- [Goal of the exercise] Starting at the line that contains "kursów można otrzymać", repeat each line of the listing below through the last one, exactly, and leave out every picture.

- [Recorded data]
[Start of Attachment]

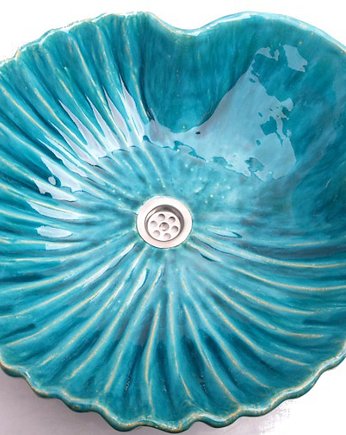 UM20 Umywalka ceramiczna turkusowa muszla, Dekornia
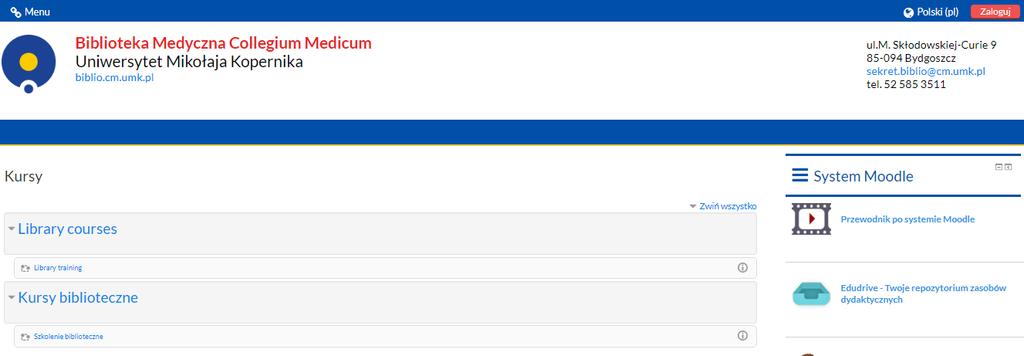 kursów można otrzymać w dziekanatach Do moodle można logować się za pomocą poświadczeń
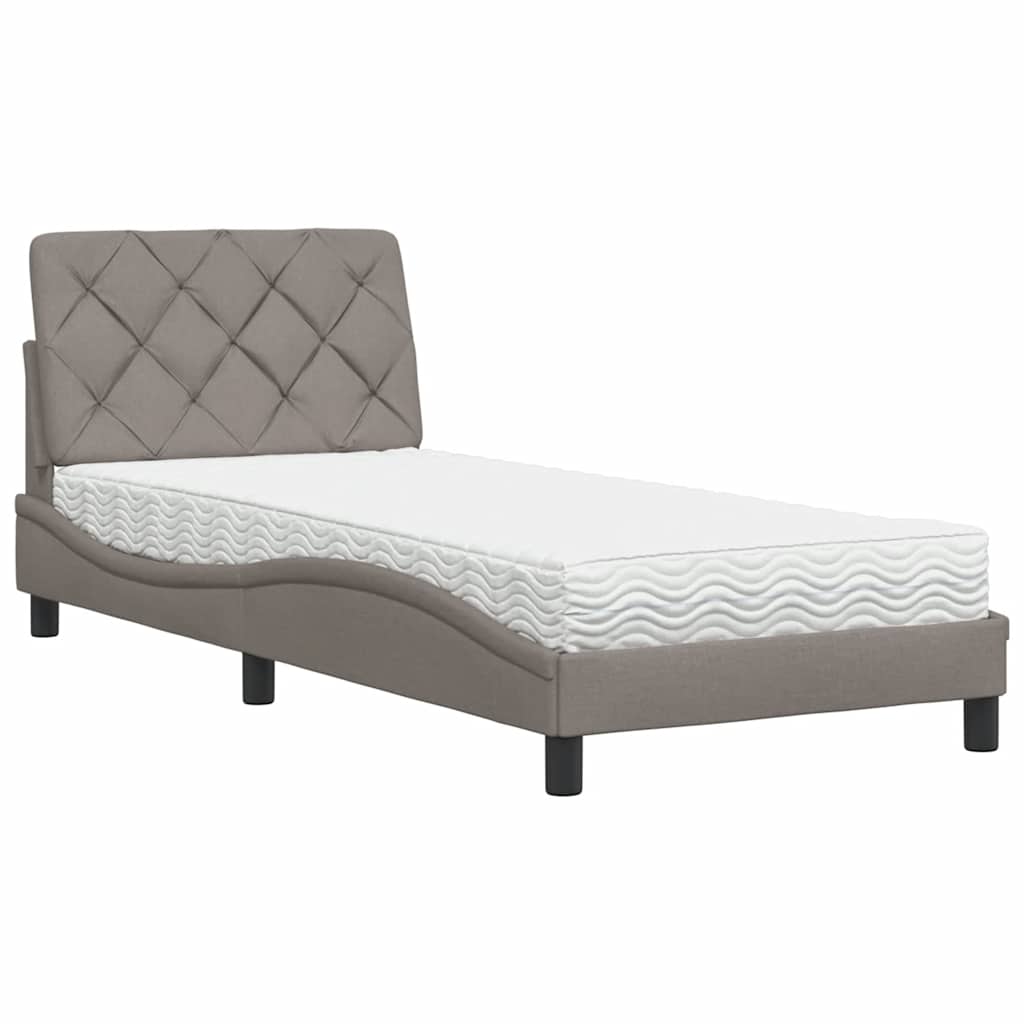 vidaXL Łóżko z materacem, taupe, 90x190 cm, obite tkaniną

[End of Attachment]

- [Answer below]
 kursów można otrzymać w dziekanatach Do moodle można logować się za pomocą poświadczeń
 vidaXL Łóżko z materacem, taupe, 90x190 cm, obite tkaniną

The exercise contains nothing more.